Instructions for the task
Without the images, output each record below as it stands.

(Web page caption snippets)
·····

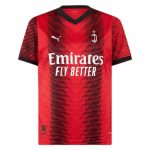 Billige Fotballdrakter AC Milan Zlatan Ibrahimović 11 Hjemmedrakt 2023 2024 – Kortermet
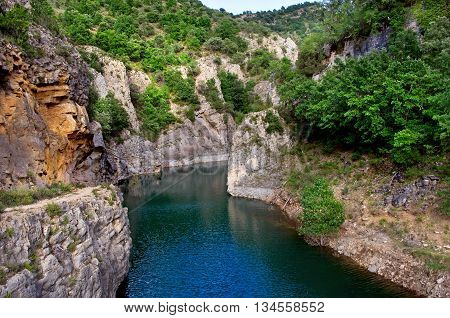 Landscape in Congost de Mont-rebei in Spain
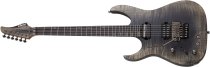 Banshee Mach-6 FR-S Left-Handed Electric Guitar, Fallout Burst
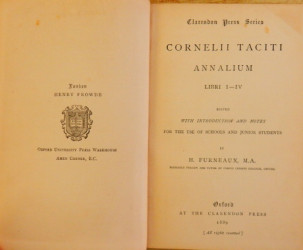 Cornelii Taciti Annalium, Libri I–IV. 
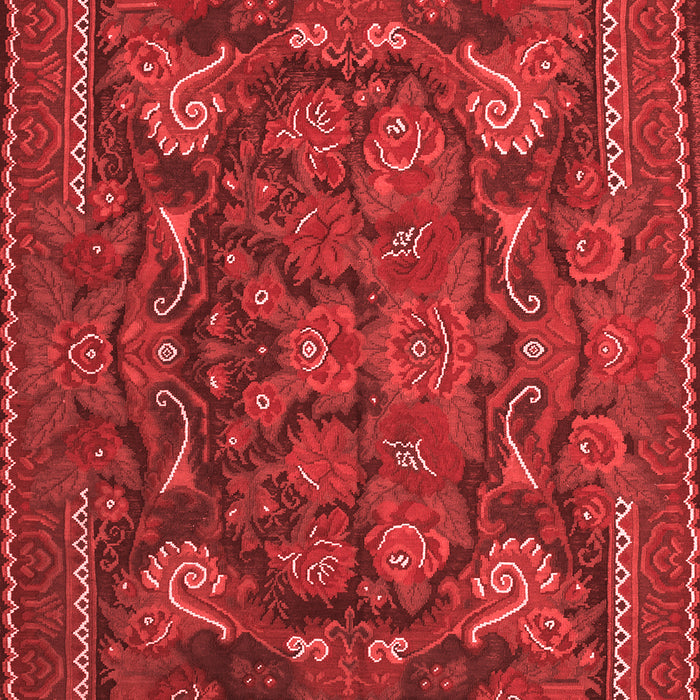 Machine Washable Animal Red Traditional Rug, wshtr124red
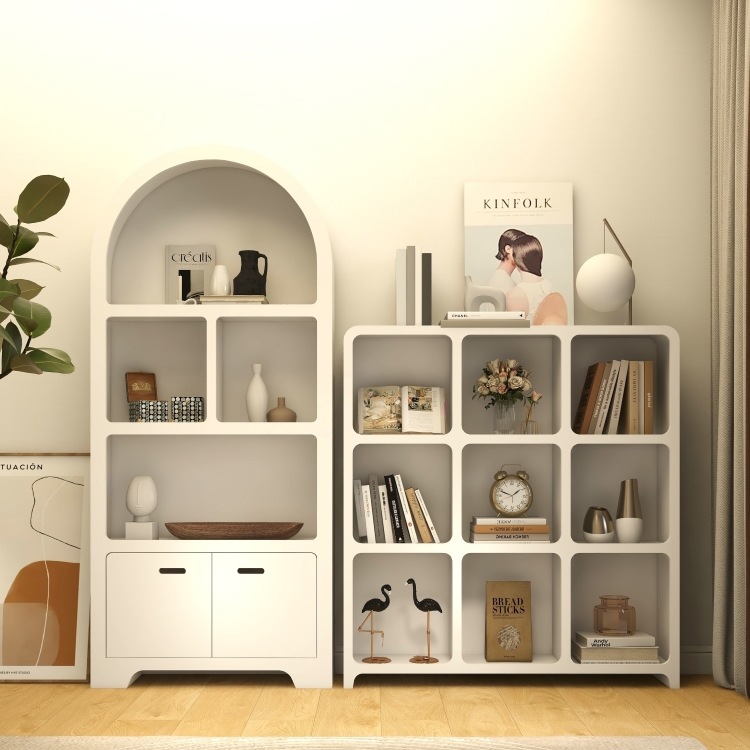 Cave Cabinet Grid Bookcase Kindergarten Storage Cabinet Cream Living Room Side Cabinet Storage Cabinet Free Combination Display M&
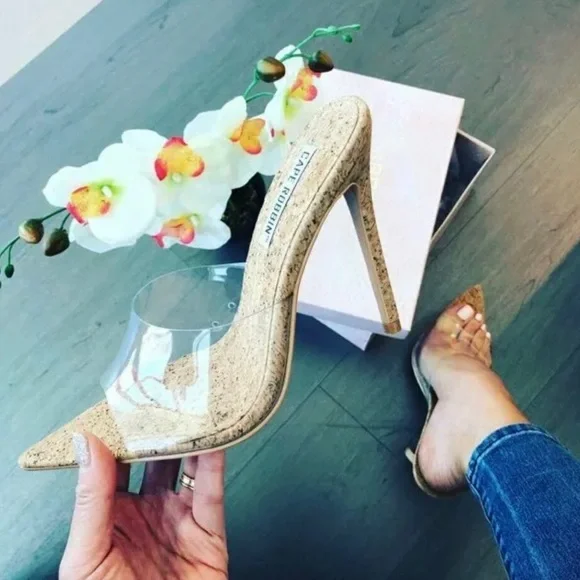 Transparent high heel brand new - Picture 1 of 3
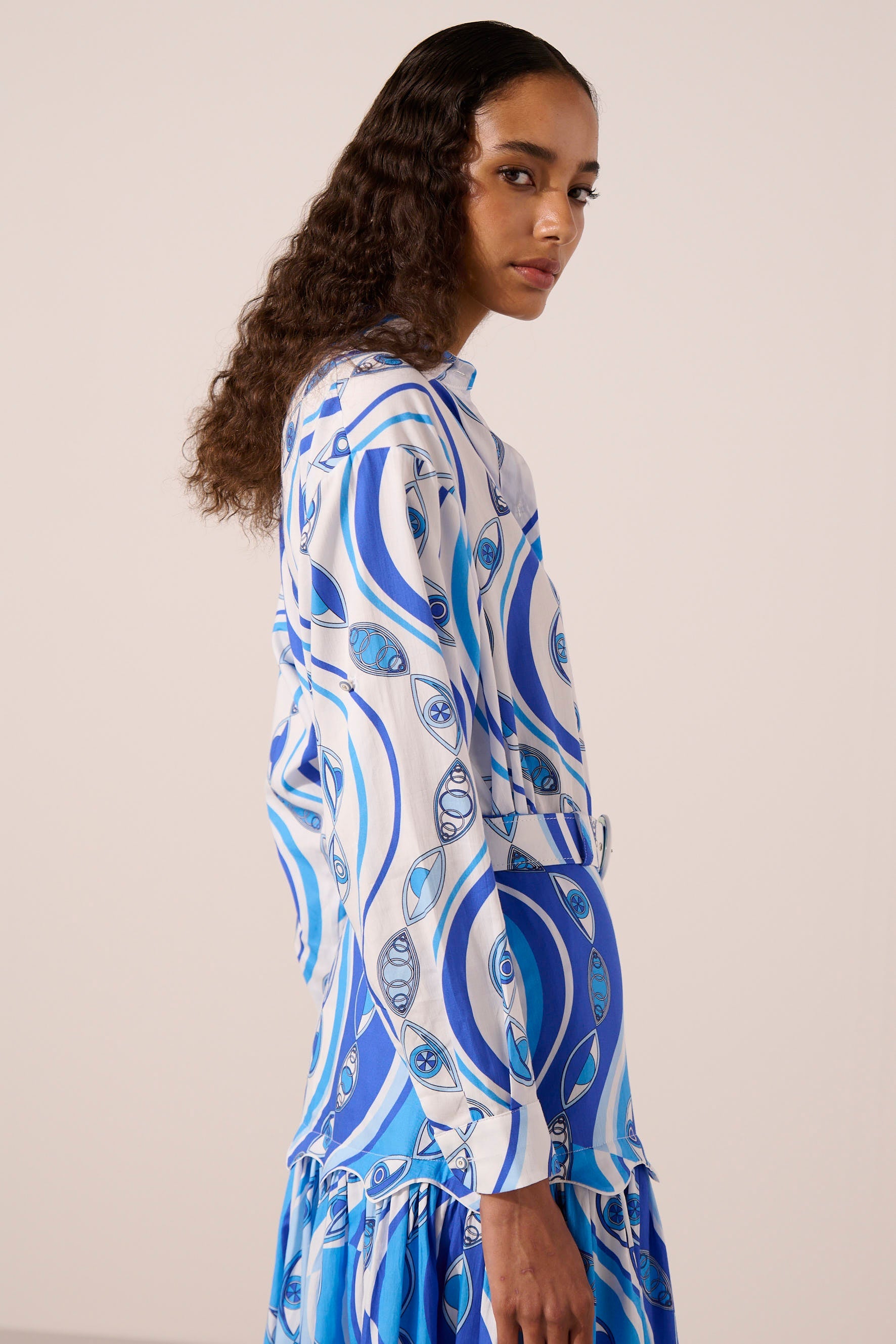 Image of product named ocean eyes shirt by Paolita London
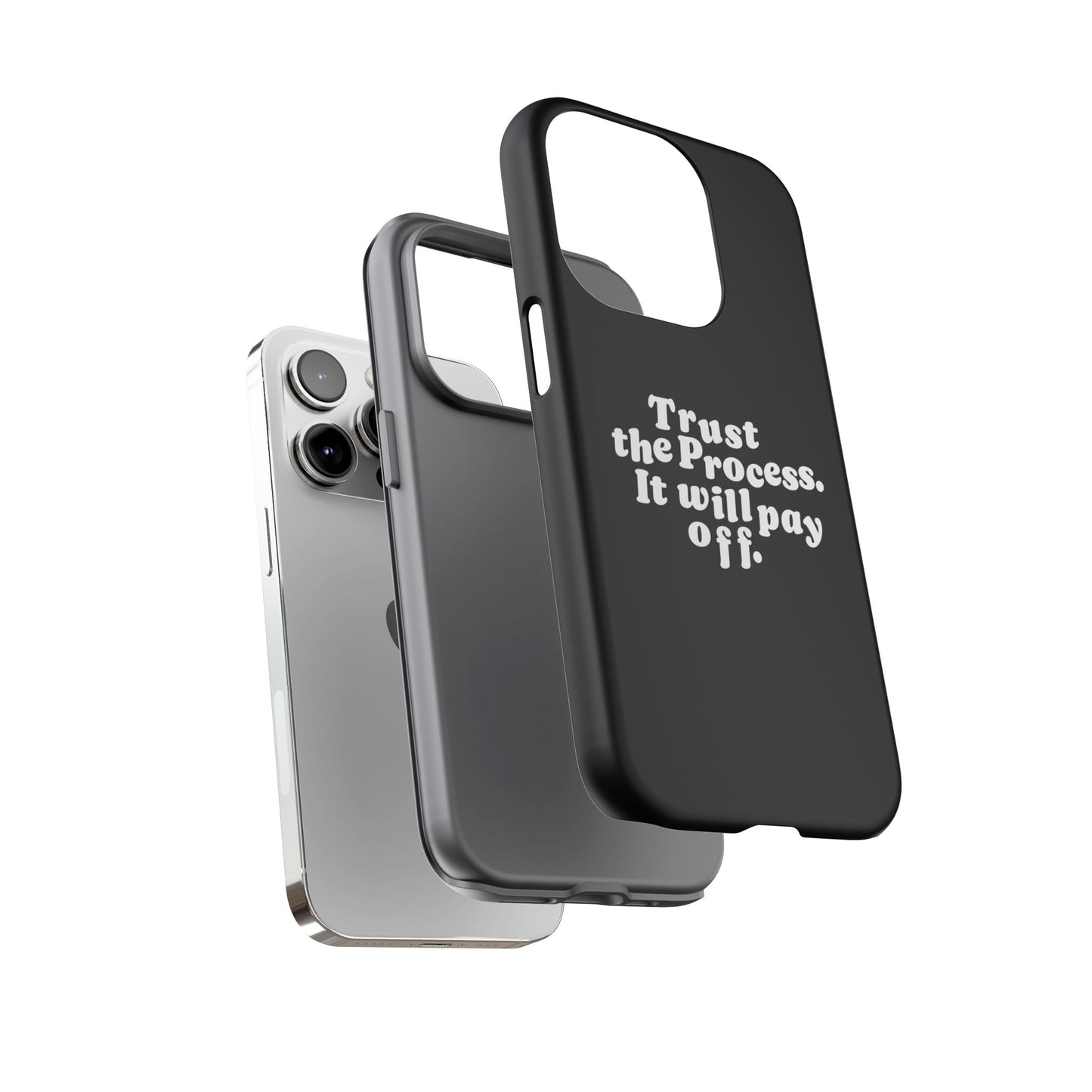 Trust harder Hard Case Schwarz iPhone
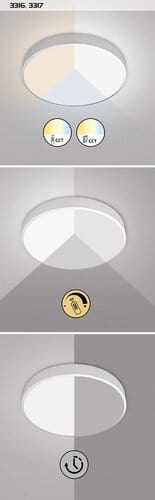 Plafoniera Tesia 3317 Argento (6)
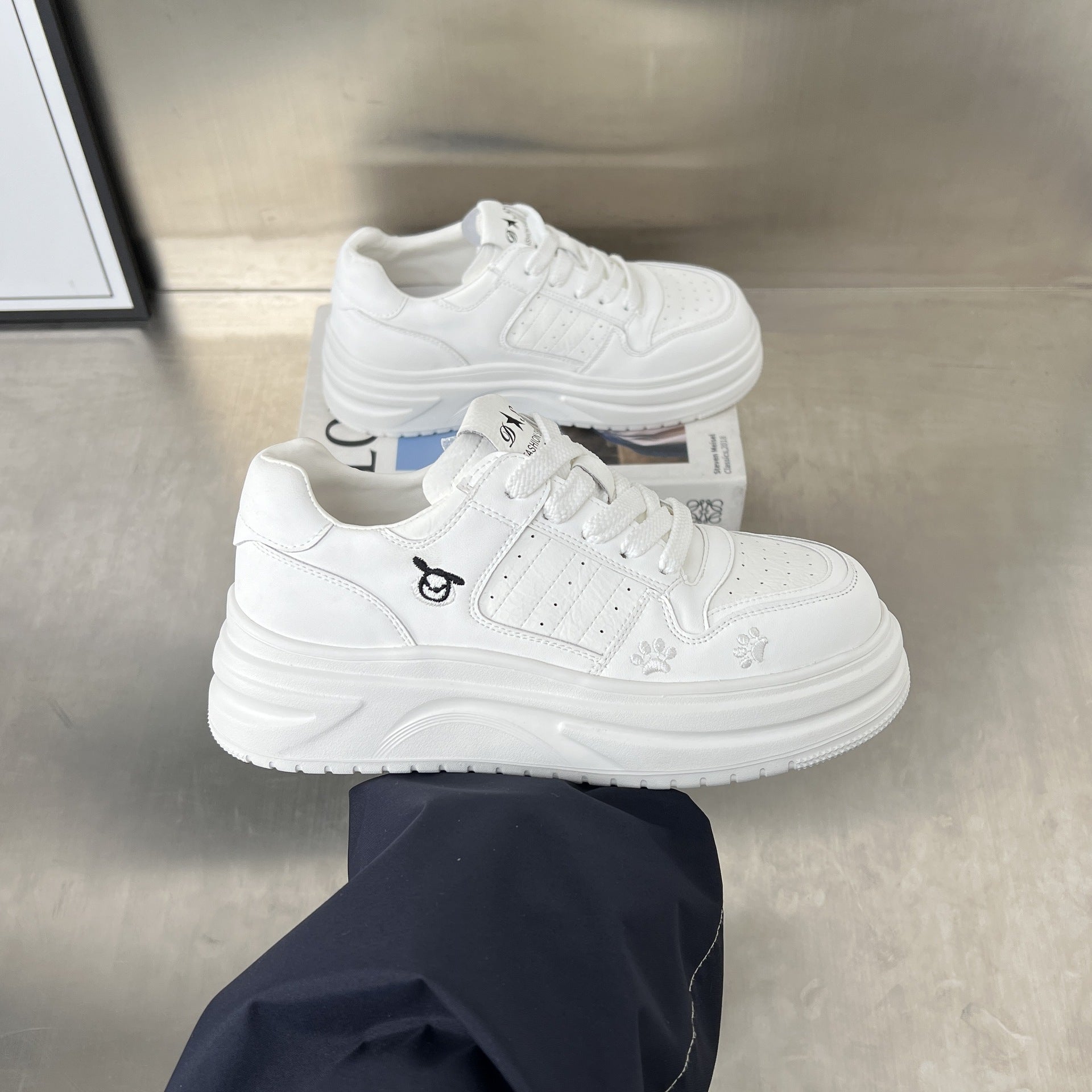 Damen Plattform Sneaker mit dämpfender Sohle und atmungsaktivem Obermaterial R&B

·····

Solved problem
 Billige Fotballdrakter AC Milan Zlatan Ibrahimović 11 Hjemmedrakt 2023 2024 – Kortermet
 Landscape in Congost de Mont-rebei in Spain
 Banshee Mach-6 FR-S Left-Handed Electric Guitar, Fallout Burst
 Cornelii Taciti Annalium, Libri I–IV. 
 Machine Washable Animal Red Traditional Rug, wshtr124red
 Cave Cabinet Grid Bookcase Kindergarten Storage Cabinet Cream Living Room Side Cabinet Storage Cabinet Free Combination Display M&
 Transparent high heel brand new - Picture 1 of 3
 Image of product named ocean eyes shirt by Paolita London
 Trust harder Hard Case Schwarz iPhone
 Plafoniera Tesia 3317 Argento (6)
 Damen Plattform Sneaker mit dämpfender Sohle und atmungsaktivem Obermaterial R&B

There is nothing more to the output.